=== Work instructions ===
Write out every line of the material as it stands, apart from the pictures.

=== Source material ===
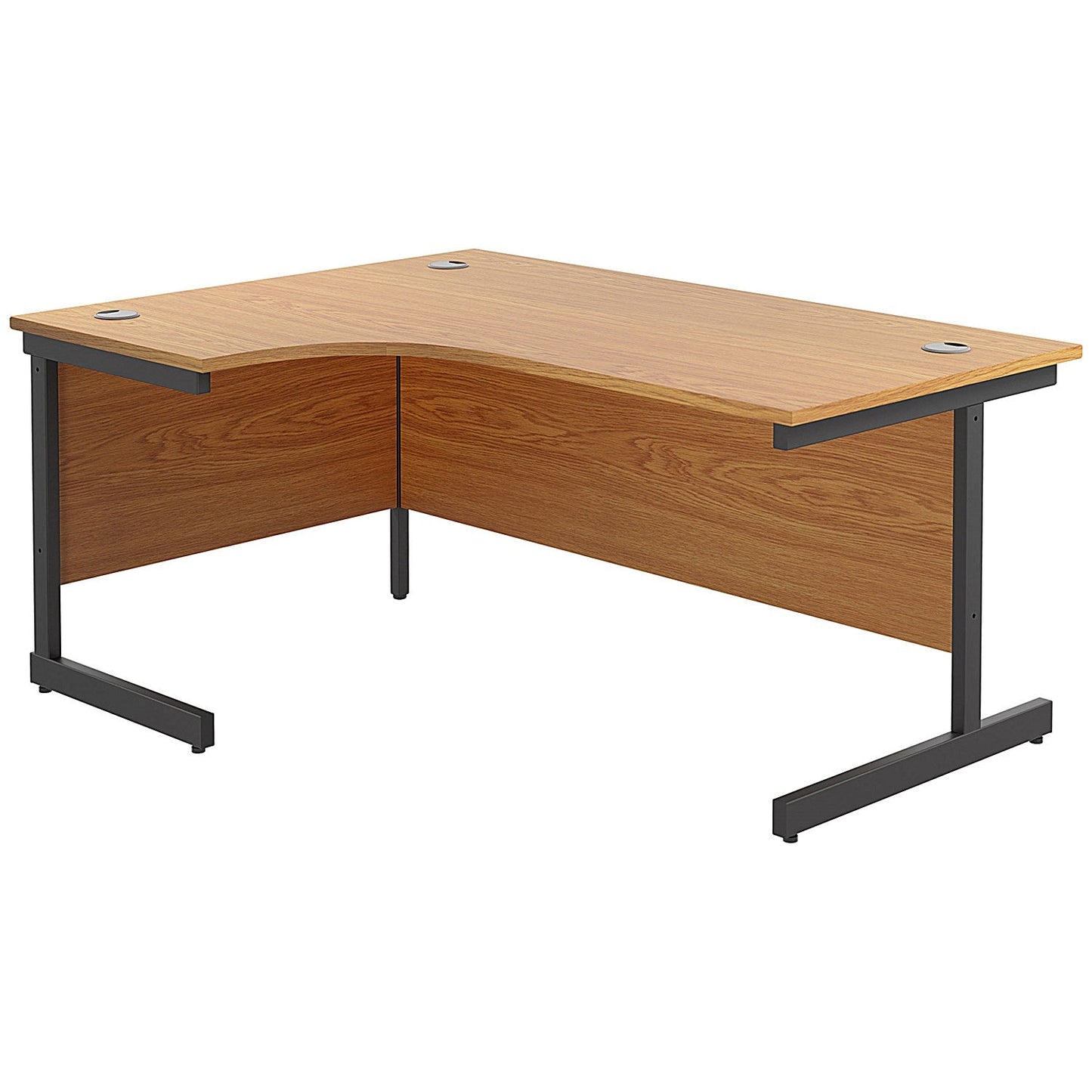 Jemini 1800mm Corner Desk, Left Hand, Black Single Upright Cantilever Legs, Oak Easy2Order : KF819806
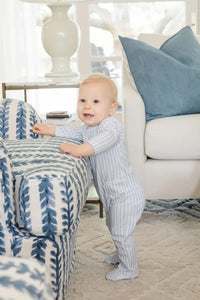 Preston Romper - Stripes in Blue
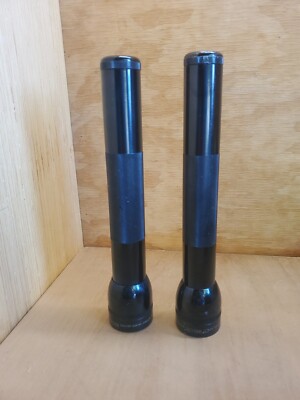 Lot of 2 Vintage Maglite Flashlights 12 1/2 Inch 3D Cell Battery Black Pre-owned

=== Result for this exercise ===
 Jemini 1800mm Corner Desk, Left Hand, Black Single Upright Cantilever Legs, Oak Easy2Order : KF819806
 Preston Romper - Stripes in Blue
 Lot of 2 Vintage Maglite Flashlights 12 1/2 Inch 3D Cell Battery Black Pre-owned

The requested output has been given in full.